Steven Soderbergh’s ponderous hagiography of Ernesto Guevara opens in wide release this weekend, just five years after the last one. As a curative for the delusional adulation of this butcher, reason.tv created this short video.
The historical record is unambiguous: Guevara was a psychopath who valued human life less than Stalinism. He was willing to slaughter millions, including himself, in order to achieve his totalitarian vision. He succeeded in killing far fewer, of course, but only because his zealotry prevented him from accumulating any real power — shrewdness, rather than ideological purity, distinguished successful Cold War thugs. And while we can be thankful his destruction was limited in scope, it unfortunately makes it easier to lie about him.
The throngs of useful idiots decked out in his iconic grimace are merely ignorant of who he really was. A dazzling Hollywood biopic will preserve their ignorance in a shellac of romantic myth. One can only hope that the movie truly is, in the words of one reviewer, “forgettable and wearying.”
While Soderbergh and Del Toro deserve special shame for their recent effort to disguise the sins of an evil man, they are by no means alone. Humans have a special ingenuity for forgetting the crimes of history’s greatest villains, and Guevara is joined by other fashionable items of Soviet kitsch in popular culture.

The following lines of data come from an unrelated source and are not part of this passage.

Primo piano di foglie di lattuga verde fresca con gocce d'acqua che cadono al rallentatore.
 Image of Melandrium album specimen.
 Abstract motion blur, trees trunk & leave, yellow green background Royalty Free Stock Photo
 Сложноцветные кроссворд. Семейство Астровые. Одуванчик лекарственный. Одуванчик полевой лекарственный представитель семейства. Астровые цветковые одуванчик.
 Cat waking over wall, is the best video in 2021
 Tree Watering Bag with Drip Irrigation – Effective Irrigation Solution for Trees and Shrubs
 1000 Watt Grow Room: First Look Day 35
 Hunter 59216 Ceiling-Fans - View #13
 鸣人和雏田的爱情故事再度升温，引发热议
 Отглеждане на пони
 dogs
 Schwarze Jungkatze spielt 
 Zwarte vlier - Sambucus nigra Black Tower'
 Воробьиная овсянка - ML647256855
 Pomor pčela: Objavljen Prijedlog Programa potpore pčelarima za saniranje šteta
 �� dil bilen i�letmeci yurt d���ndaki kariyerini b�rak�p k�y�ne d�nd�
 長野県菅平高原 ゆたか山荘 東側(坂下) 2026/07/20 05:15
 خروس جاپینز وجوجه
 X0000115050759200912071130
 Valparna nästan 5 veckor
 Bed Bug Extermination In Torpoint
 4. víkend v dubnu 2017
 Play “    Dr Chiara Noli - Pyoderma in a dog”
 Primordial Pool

What is it about tyrants that makes the masses so forgiving? Russians have as of yet failed to immolate the ghastly remains of Lenin, and Uncle Joe still remains popular today — propped up by the support of Uncle Vlad. Mao, arguably the greatest murderer in history, is an even crueler marketing ploy; Cameron Diaz’s faux pas would have gone unnoticed in LA, but she had the ill fortune to stumble upon some of his distant and indirect victims in Peru. And it seems the more remote and few the victims, the easier it is to whitewash the monsters. How incredible is it that people would actually buy and display statuary of Napoleon Bonaparte? And here comes the Houston Museum of Natural Science telling us that Genghis Khan may have soaked the earth with blood, but, dammit, he made the trains run on time. Sometimes it is harder to see which reflects the mostly poorly upon humanity: its ability to produce evil men or to apologize for them afterward.
Cool. Now I’ll have a logo’d t-shirt to hang next to my Pilate hoody. And an idea for my next tatoo… if I can find space.
Marxist figures are idolized because a lot of people have real faith that Marxism holds a key (or *the* key, to actual Marxists as opposed to sympathizers) to lifting up the material well-being of the masses. Such folks also do not realize what natural chain of events follow when a utopian sect achieves absolute power through armed force.
Marxism turns the definition of theft on its head: commerce is theft, stealing the means and fruits of commerce by armed force is liberation. Marxism promises a dictatorship-of-the-proletariat phase that will eventually evolve into 100% communal sharing. We don’t need Lord Acton, Orwell, or Coolio that people who achieve this kind of power – and are willing to kill for it – aren’t exactly humanitarians. People who get their jollies taking everyone’s stuff like to keep it for themselves.
The infatuation with Marxists is also blind to their inherent totalitarianism, the logical conclusion of a philosophy that seeks to impose utopia by force. Utopia by definition abolishes social strife, and that can’t happen in a pluralistic society; everyone has to be on board with the same utopian goal. Marxist governments thus seek jurisdiction over everyone’s thought lives.
Suddenly I have a brilliant idea for a business venture…George W. Bush t shirts…worn ironically…
I hope that the irony would be in the idea that someone decided to compare Bush with Genghis Khan, Che Guevara, Lenin, Stalin, and Mao (and not just in the fact that the person wearing the Bush shirt does not actually like Bush, and is trying to communicate the opposite).
Of course, the problem with the Che shirts is they aren’t worn ironically. And there you have a summary of the screwed-up, ill-informed world view of young hipsters: GWB is not just an unpopular President, but a monster, and Che Guevara is a cool guy.
Oops. Karl must have written his comment just as I started reading this post.
has anyone done a Genghis Khan-face version of the Che shirts? that’d be great.
I’ve always been a fan of these shirts: http://www.thoseshirts.com/noche.html
I think the modern phenomenon of tyranny owes a lot to the cult of personality 20th century totalitarians and their champions managed to foster – the Mao/Stalin/Hitler/etc worship really isn’t surprising in that respect.
As for Genghis Khan… on the one hand, of course he committed horrible atrocities in his time. On the other, he was very much a product of his time, and his brutality to maintain power was no more horrific than that used by the legitimate emperors of China or other empires in that period, so perhaps the Houston museum isn’t insane to step back and try and take a more nuanced look at him as a leader, especially considering he’s been demonized for most of history.
In fact, I think the answer to your first question might be found in the Houston museum’s approach. We don’t learn much by demonizing historical figures, and especially if we refuse to acknowledge any good that came of their rule, we blind ourselves to the dangers of the cult of personality and how it operates.